Problem to work on:
All that is needed is an exact repetition of the lines from the one containing "12-Pack 8x10 Reusable" through the final line of the material, without pictures.

Given data:

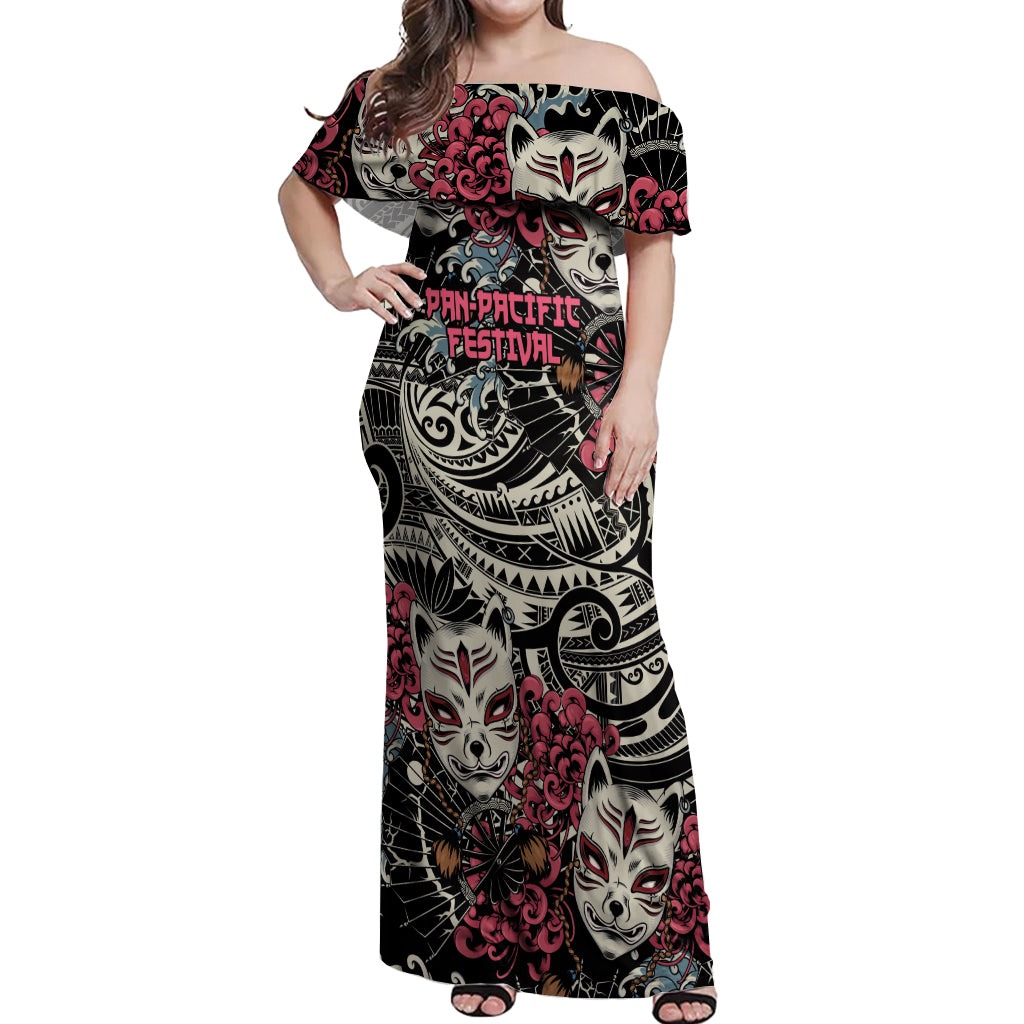 Personalized Japanese Kitsune Mask Off Shoulder Maxi Dress With Polynesian Arty Style LT9 Women Black - Polynesian Pride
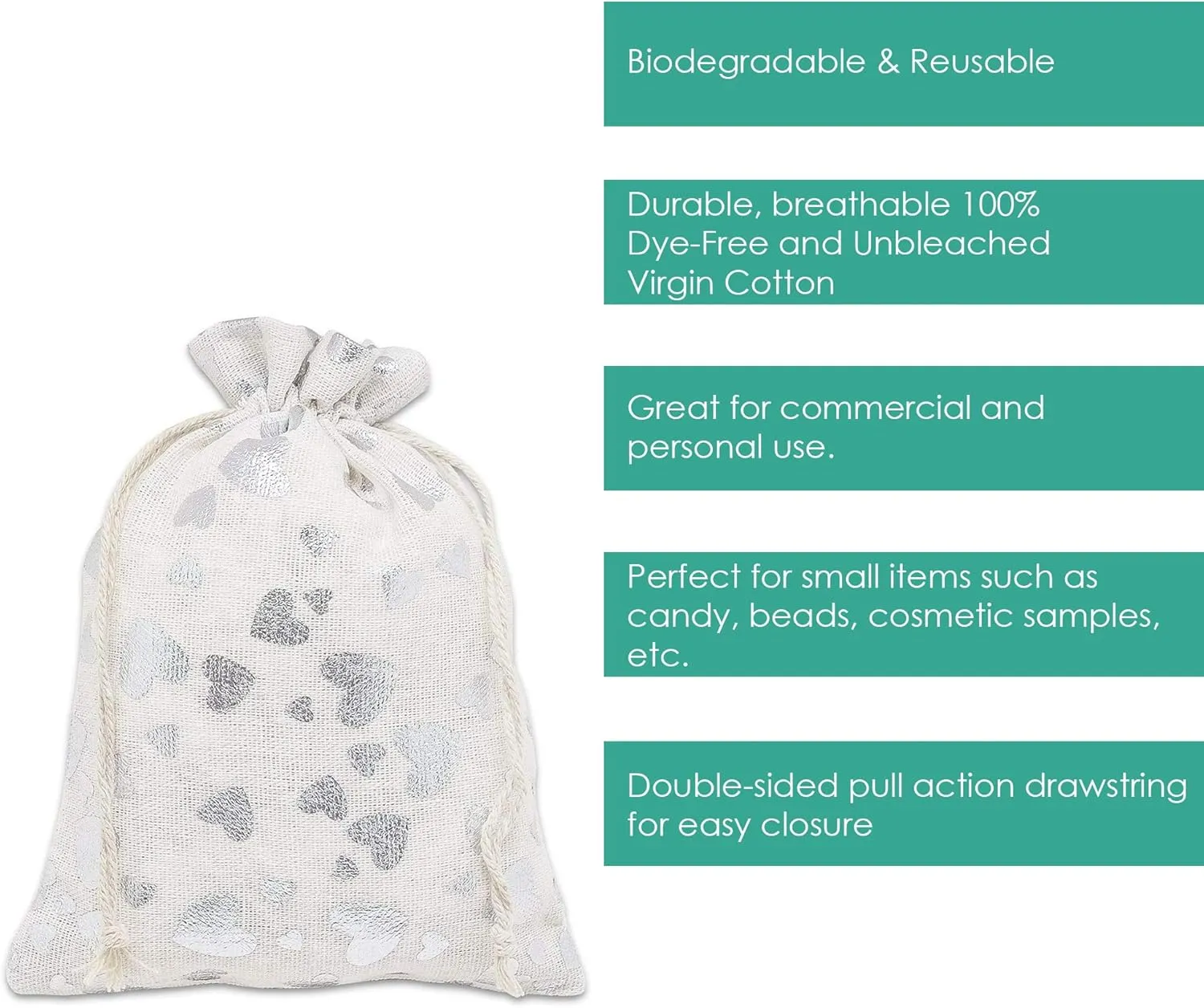 12-Pack 8x10 Reusable Cotton Canvas Muslin Gift Bags w. Drawstrings (Silver Hearts, Large) - for Presents, Party Favors, Retail, Samples by TheDisplayGuys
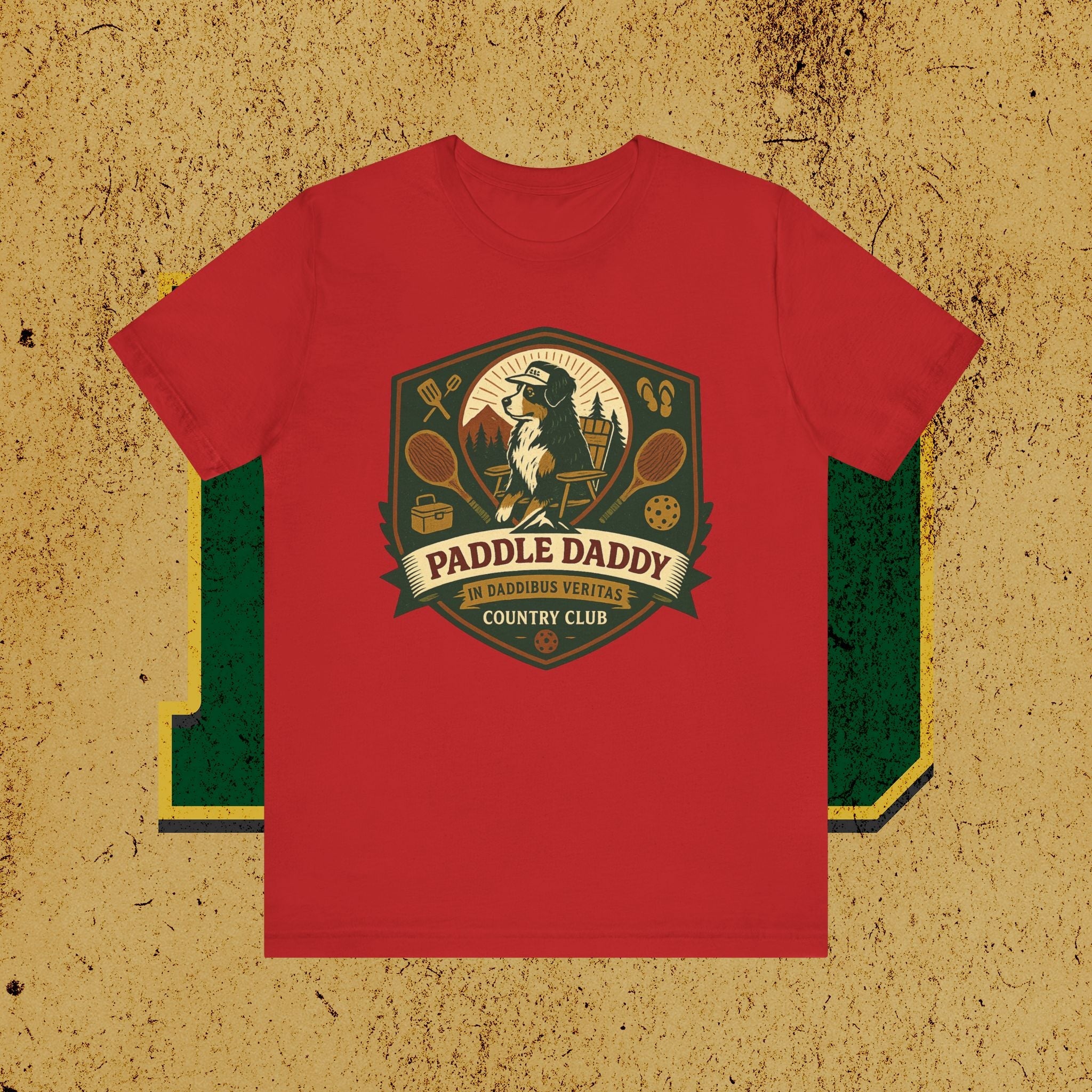 Paddle Daddy Country Club T-Shirt  Chloe Dog Graphic Tee, Funny Pickleball & Grill Shirt, In Daddibus Veritas Dadcore Apparel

Response to the exercise:
 12-Pack 8x10 Reusable Cotton Canvas Muslin Gift Bags w. Drawstrings (Silver Hearts, Large) - for Presents, Party Favors, Retail, Samples by TheDisplayGuys
 Paddle Daddy Country Club T-Shirt  Chloe Dog Graphic Tee, Funny Pickleball & Grill Shirt, In Daddibus Veritas Dadcore Apparel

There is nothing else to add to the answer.